Here, this is even more obvious that a linear decision function is not adapted. We can check what decision function, a linear support vector machine will find.

linear_model.fit(data_gauss, target_gauss)
ax = sns.scatterplot(data=gauss, x=feature_names[0], y=feature_names[1],
                     hue=target_gauss, palette=["tab:red", "tab:blue"])
plot_decision_function(linear_model, range_features_gauss, ax=ax)
_ = plt.title("Decision boundary of a linear model")
../_images/logistic_regression_non_linear_15_0.png

As expected, a linear separation cannot be used to separate the classes properly: the model will under-fit as it will make errors even on the training set.

In the section about linear regression, we saw that we could use several tricks to make a linear model more flexible by augmenting features or using a kernel. Here, we will use the later solution by using a radial basis function (RBF) kernel together with a support vector machine classifier.

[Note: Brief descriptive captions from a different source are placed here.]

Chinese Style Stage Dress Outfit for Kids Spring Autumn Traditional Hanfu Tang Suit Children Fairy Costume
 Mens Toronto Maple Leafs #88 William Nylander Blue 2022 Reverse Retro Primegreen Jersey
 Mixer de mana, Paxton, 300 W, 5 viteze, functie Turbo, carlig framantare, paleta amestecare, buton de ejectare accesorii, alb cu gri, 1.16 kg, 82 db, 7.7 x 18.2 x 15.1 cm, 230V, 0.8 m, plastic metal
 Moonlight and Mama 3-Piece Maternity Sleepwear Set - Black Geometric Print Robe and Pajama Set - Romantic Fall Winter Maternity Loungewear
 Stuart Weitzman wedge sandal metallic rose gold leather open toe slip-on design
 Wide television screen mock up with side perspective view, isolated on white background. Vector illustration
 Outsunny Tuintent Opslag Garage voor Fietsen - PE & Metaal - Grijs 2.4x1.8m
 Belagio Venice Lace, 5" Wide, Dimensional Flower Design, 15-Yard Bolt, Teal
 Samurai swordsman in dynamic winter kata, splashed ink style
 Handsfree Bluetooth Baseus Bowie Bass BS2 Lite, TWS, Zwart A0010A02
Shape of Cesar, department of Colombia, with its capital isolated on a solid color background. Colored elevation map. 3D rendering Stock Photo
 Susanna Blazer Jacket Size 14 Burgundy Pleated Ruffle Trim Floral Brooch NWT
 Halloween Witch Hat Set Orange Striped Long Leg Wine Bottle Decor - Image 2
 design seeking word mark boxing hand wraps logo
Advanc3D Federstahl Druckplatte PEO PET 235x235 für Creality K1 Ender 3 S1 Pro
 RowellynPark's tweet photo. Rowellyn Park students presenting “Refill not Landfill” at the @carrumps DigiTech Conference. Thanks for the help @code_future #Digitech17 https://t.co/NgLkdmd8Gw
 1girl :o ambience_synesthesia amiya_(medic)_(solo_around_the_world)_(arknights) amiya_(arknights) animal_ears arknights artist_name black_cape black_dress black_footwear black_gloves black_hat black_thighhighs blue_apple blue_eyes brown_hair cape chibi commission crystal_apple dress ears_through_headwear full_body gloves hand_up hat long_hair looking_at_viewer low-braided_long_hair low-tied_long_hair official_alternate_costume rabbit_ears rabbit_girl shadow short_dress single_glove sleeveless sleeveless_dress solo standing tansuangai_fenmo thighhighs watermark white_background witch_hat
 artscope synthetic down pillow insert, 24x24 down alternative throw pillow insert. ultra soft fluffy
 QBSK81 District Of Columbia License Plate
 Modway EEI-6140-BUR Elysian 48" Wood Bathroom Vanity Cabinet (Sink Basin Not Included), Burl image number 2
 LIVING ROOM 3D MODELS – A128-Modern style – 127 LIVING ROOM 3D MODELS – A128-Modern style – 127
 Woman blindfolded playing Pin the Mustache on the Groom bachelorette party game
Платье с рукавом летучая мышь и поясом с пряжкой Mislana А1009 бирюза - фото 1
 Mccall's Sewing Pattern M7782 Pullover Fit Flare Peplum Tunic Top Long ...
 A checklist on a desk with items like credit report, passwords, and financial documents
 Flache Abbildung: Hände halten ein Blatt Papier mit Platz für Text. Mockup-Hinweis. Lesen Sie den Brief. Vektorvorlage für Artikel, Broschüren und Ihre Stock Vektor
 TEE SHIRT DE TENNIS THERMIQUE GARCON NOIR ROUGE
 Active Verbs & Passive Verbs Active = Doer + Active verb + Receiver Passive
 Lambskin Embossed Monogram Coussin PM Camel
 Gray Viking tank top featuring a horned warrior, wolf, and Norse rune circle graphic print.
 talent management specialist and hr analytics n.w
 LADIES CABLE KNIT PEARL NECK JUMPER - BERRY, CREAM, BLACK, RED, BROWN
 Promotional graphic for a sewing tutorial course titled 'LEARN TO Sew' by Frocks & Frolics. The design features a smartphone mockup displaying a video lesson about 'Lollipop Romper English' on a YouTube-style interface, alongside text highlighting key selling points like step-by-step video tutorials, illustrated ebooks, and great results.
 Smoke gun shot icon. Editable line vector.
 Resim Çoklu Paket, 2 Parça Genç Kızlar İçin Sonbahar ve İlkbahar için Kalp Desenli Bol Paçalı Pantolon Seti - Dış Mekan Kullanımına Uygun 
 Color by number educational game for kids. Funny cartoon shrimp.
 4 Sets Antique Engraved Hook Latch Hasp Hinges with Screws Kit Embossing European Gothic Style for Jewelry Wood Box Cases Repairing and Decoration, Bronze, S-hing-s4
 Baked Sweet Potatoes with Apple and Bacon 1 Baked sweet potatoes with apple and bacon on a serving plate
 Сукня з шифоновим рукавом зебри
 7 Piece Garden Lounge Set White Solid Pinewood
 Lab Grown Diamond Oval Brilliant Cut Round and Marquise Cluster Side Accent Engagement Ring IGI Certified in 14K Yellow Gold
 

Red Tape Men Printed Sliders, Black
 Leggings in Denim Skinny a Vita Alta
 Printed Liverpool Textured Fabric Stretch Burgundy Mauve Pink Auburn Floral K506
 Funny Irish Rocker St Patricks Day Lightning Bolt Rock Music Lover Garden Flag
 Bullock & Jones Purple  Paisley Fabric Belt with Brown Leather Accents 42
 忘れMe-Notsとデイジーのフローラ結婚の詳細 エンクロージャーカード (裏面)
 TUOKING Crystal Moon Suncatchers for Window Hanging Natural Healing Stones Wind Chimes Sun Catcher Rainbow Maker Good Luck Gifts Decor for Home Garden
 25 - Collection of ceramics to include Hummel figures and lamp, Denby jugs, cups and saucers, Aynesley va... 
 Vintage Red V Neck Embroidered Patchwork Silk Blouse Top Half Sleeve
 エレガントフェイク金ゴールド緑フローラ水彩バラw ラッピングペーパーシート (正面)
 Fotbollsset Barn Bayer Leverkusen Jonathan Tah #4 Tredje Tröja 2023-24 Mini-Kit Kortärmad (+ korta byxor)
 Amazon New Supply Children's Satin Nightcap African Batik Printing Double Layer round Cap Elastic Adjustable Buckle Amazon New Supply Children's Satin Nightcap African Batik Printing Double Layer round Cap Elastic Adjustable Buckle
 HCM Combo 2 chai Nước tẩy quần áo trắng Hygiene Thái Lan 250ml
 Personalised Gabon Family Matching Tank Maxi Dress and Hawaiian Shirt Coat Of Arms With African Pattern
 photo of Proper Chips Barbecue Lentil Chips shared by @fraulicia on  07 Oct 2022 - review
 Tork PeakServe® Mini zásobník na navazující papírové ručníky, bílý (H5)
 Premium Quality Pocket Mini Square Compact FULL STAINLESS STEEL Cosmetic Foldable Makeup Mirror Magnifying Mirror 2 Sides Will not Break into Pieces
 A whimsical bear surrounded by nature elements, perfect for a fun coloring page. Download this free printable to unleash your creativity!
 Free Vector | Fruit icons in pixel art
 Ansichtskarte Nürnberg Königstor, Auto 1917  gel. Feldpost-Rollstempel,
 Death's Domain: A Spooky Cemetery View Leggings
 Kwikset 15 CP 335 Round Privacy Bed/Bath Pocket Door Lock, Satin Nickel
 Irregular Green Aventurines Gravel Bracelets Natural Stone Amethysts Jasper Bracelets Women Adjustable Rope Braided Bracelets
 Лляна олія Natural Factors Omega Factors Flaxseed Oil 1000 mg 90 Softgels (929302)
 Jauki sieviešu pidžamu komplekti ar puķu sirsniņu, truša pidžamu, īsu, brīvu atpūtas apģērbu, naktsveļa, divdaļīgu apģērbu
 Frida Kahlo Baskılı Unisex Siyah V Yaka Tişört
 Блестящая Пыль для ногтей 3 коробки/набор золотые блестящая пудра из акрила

We will repeat the two previous experiments and check the obtained decision function.

kernel_model = make_pipeline(StandardScaler(), SVC(kernel="rbf", gamma=5))
kernel_model.fit(data_moons, target_moons)
ax = sns.scatterplot(data=moons, x=feature_names[0], y=feature_names[1],
                     hue=target_moons, palette=["tab:red", "tab:blue"])
plot_decision_function(kernel_model, range_features_moons, ax=ax)
_ = plt.title("Decision boundary with a model using an RBF kernel")
../_images/logistic_regression_non_linear_18_0.png

We see that the decision boundary is not anymore a straight line. Indeed, an area is defined around the red samples and we could imagine that this classifier should be able to generalize on unseen data.

Let’s check the decision function on the second dataset.

kernel_model.fit(data_gauss, target_gauss)
ax = sns.scatterplot(data=gauss, x=feature_names[0], y=feature_names[1],
                     hue=target_gauss, palette=["tab:red", "tab:blue"])
plot_decision_function(kernel_model, range_features_gauss, ax=ax)
_ = plt.title("Decision boundary with a model using an RBF kernel")
../_images/logistic_regression_non_linear_20_0.png

We observe something similar than in the previous case. The decision function is more flexible and does not underfit anymore.

Thus, kernel trick or feature expansion are the tricks to make a linear classifier more expressive, exactly as we saw in regression.

Keep in mind that adding flexibility to a model can also risk increasing overfitting by making the decision function to sensitive to individual (possibly noisy) data points of the training set. Here we can observe that the decision functions remain smooth enough to preserve good generalization. If you are curious, you can try repeated the above experiment with gamma=100 and look at the decision functions.